Communicating by voice in Second Life
For my final PhD study I’m looking at how the introduction of voice into Second Life in 2007 has impacted people’s experience of this virtual world. I’ve taken a kind of ethnographic approach, becoming a resident to understand the place and the people. I am also conducting more purposive data-gathering, such as interviewing residents. I conducted interviews both in Second Life and face-to-face depending on circumstances.
The situation in SL is more complex than that in game worlds, because while MMORPGs are socially complex, at least broadly speaking everyone is there for the same purpose. SL has no defined goals, and different kinds of people are doing very different things with it. So it’s hard to make a simple statement like “communicating using medium X has the following pros and cons for Second Life users” – because media effects will have different impacts on different types of use. I’ve come to the conclusion that to do this analysis I have to divide SL users into categories, then analyze the usefulness of each medium with respect to each category. That would produce a matrix with two dimensions: medium and user-type.

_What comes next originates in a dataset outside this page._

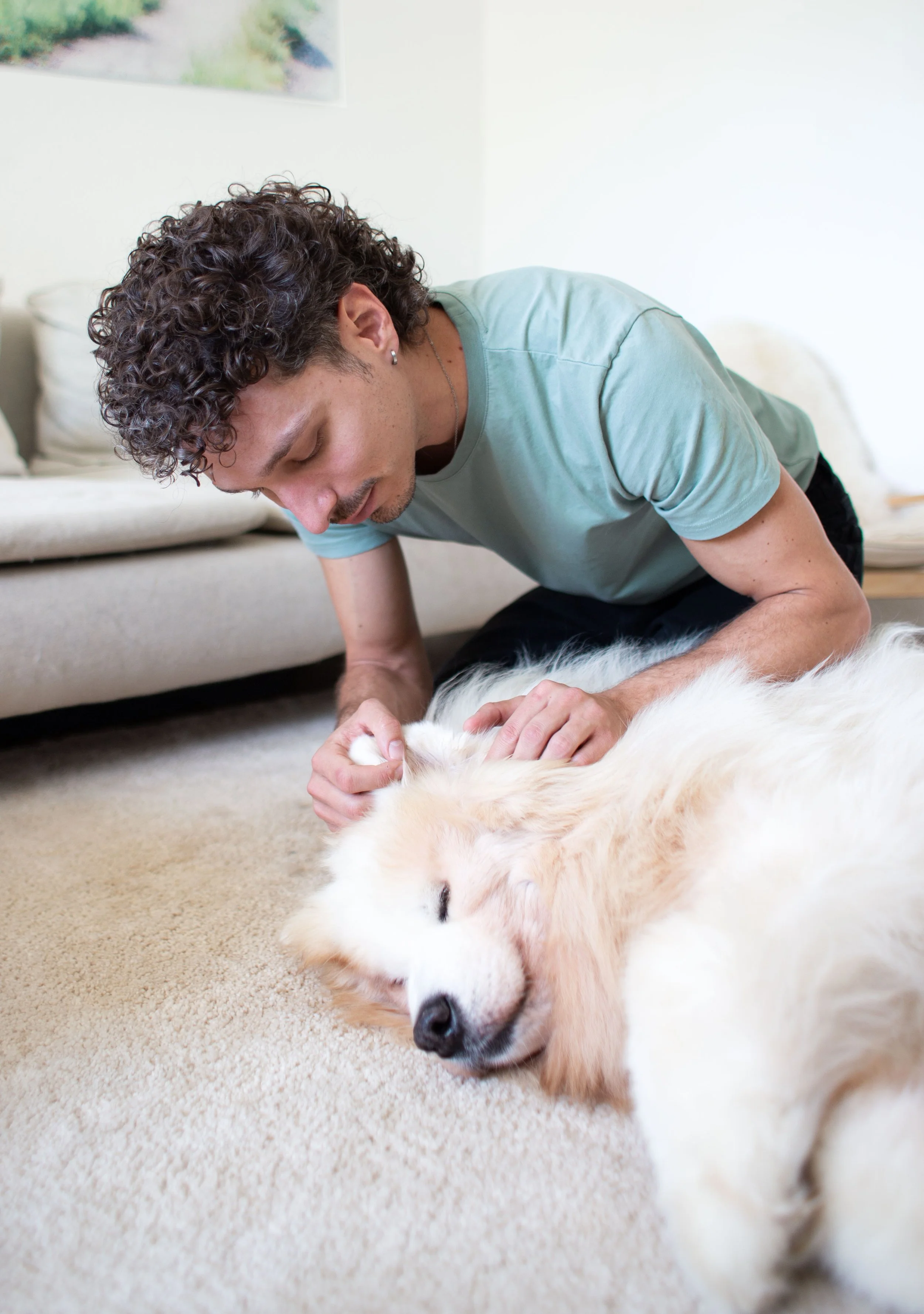 Anamnese Hund durch Tierheilpraktiker, Behandlung mit Naturmedizin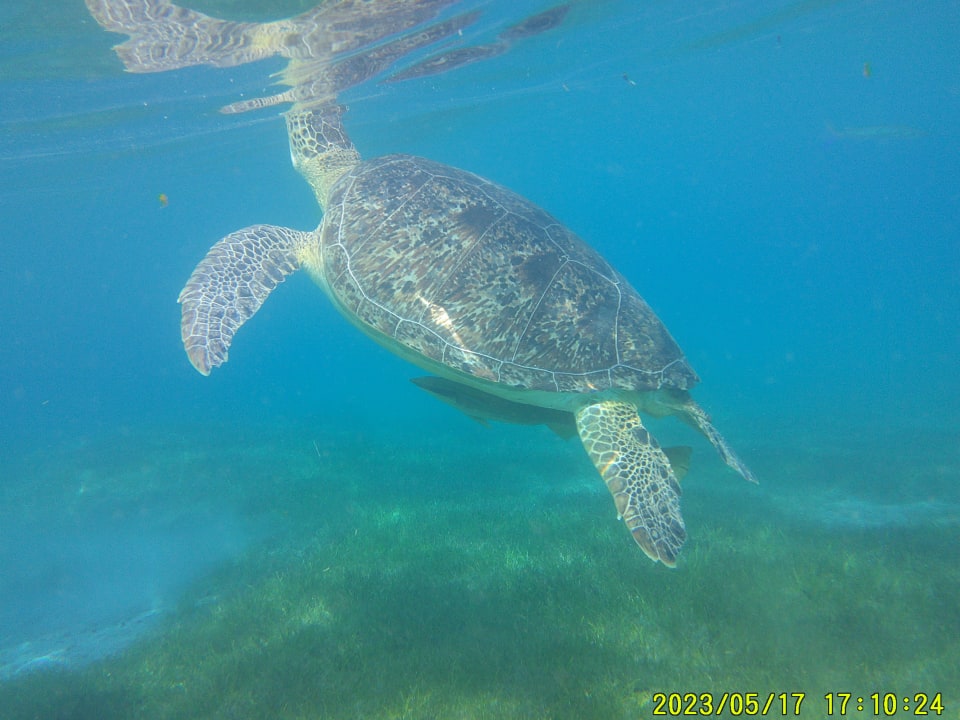 Sport & Freizeit Shams Prestige Abu Soma-Adults Only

Step one is to decide on an appropriate set of user types.
A popular belief in the SL community is that there are two kinds of SL users: immersionists and augmentationists. I think there is some validity to this, but they might more usefully be seen as attitudes, or kinds of use, rather than kinds of users, so that an individual could switch between these attitudes according to situation. (See Henrik Bennetsen‘s essay on these types.)
Immersionists correspond roughly to the role-players in MMORPGs. They seek to maintain an online identity which is independent of their RL identity. For these people, the ability of virtual worlds to support identity play is an attractive feature of the technology. Sherry Turkle documented this practice a decade ago in her book “Life on the Screen”.
Augmentationists, on the other hand, see virtual worlds as communication media. They project their real-life identity into SL in order to engage in mediated interaction with other RL identities. For example, they might use SL to teach a class, or hold a business meeting. They are not playing a character (any more than in real life), but are being themselves.
In the debate over the introduction of voice into SL, it has been argued that immersionists should prefer the relative anonymity of communicating by text while augmentationists would embrace the efficiency and immediacy of voice. (See Tom Boellstorf, “Coming of age in Second Life” pp 112-6 for a discussion of immersionist attitudes to voice.)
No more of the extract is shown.